# First smoked fattie



## Thomas The Tank (Jun 15, 2018)

I decided to give this a try and do one for breakfast. I filled it with eggs, potatoes O’Brien, and sharp cheddar. I will probably change a few things next time but overall was pretty good!


----------



## KrisUpInSmoke (Jun 15, 2018)

Looks yummy!


----------



## jetsknicks1 (Jun 15, 2018)

Looks good from here!


----------



## SmokinAl (Jun 15, 2018)

Looks pretty darn good to me!
Great work!
Al


----------



## Smoke23 (Jun 15, 2018)

I agree, looks good!


----------



## Thomas The Tank (Jun 15, 2018)

I was pretty tasty! Was great with some sauce as well! The bacon on the outside was crispy, but the spots under where it overlapped were not. I wanted to put it under the broiler but my wife was ina hurry and I wanted her to give it a try. Also used hickory and will probably go with apple or cherry the next time...especially for the morning!


----------



## gmc2003 (Jun 15, 2018)

Looks really good to me also. If you don't care for bacon that isn't crispy then don't bother with the weave. Just wrap the bacon around the fatty in single strips - no overlapping. There's a whole bunch of folks that do it that way. I don't mind bacon that isn't crispy so I like the weave. Remember there's no one correct way of smoking a fatty or any thing else. It's what you and your family or friends like.

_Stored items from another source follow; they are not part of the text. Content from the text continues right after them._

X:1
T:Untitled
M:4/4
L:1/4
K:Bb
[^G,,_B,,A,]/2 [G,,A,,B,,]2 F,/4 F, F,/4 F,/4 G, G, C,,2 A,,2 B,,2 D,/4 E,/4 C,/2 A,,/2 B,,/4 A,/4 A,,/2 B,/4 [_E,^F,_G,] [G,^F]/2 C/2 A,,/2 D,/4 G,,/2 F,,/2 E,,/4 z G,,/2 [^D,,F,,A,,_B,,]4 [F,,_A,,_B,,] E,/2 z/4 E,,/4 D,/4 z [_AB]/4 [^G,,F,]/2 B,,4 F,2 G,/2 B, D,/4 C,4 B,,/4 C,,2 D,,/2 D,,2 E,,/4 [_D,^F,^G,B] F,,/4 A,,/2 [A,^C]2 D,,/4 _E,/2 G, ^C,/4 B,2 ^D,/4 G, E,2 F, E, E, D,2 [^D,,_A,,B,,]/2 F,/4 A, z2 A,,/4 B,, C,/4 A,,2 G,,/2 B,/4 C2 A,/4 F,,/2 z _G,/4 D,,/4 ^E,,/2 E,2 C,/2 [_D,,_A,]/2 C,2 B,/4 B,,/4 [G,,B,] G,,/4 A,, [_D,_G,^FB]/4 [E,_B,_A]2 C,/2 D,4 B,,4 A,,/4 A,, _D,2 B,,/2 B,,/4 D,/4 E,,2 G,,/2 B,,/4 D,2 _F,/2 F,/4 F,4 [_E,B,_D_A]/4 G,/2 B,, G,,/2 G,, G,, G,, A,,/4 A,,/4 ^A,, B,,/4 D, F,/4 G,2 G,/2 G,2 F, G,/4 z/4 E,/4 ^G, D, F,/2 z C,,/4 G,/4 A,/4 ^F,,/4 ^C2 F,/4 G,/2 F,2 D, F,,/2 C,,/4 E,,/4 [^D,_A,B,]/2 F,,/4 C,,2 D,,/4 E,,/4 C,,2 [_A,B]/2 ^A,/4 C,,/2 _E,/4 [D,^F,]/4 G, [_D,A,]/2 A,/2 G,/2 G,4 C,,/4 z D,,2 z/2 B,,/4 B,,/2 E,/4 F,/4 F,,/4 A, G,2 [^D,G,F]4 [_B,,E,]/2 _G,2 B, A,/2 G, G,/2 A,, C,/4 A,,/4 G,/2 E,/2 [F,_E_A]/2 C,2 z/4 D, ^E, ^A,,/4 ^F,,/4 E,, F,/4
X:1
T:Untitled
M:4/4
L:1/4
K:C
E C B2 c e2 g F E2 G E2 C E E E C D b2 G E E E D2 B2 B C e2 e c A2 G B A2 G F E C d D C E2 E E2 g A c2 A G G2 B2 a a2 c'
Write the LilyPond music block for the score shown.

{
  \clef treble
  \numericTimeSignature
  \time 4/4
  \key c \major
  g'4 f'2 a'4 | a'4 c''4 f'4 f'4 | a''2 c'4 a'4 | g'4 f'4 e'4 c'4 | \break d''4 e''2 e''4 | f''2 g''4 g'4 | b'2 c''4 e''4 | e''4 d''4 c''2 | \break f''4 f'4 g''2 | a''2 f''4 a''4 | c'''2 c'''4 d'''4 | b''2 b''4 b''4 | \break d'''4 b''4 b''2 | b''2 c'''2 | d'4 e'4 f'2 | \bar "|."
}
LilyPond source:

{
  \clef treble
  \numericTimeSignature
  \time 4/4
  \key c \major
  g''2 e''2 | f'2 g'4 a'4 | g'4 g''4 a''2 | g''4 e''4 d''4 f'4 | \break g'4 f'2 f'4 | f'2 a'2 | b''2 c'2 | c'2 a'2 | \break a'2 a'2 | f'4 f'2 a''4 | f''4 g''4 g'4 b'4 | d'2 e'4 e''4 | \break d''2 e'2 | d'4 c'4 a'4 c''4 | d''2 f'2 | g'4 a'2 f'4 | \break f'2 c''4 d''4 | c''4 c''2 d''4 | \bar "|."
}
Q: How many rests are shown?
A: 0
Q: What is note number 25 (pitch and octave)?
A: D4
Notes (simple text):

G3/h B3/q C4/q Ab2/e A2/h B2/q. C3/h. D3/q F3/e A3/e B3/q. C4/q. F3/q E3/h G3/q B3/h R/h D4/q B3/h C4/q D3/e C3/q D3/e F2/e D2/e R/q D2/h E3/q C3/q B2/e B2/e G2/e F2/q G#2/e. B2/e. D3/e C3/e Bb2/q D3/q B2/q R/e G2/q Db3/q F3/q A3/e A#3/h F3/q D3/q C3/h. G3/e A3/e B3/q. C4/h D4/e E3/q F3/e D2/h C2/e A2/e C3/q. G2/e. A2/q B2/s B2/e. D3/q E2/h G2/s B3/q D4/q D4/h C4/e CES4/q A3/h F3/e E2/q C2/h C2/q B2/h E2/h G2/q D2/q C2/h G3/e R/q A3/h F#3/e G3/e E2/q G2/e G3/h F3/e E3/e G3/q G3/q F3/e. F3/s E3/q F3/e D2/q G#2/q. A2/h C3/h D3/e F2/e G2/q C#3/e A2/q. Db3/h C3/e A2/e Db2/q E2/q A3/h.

Edit: I'm half Irish and ashamed that I don't know what potato's O'Brien are. Can you elaborate?

Point for sure.

Chris


----------



## Thomas The Tank (Jun 15, 2018)

gmc2003 said:


> Looks really good to me also. If you don't care for bacon that isn't crispy then don't bother with the weave. Just wrap the bacon around the fatty in single strips - no overlapping. There's a whole bunch of folks that do it that way. I don't mind bacon that isn't crispy so I like the weave. Remember there's no one correct way of smoking a fatty or any thing else. It's what you and your family or friends like.
> 
> Edit: I'm half Irish and ashamed that I don't know what potato's O'Brien are. Can you elaborate?
> 
> ...


Potatoes O’Brien are simply diced potatoes with red and green bell pepper in it. You pan fry them like hash browns and are great in the morning! I just bought them frozen frozen from Walmart. You can also buy them with onions in them too.


----------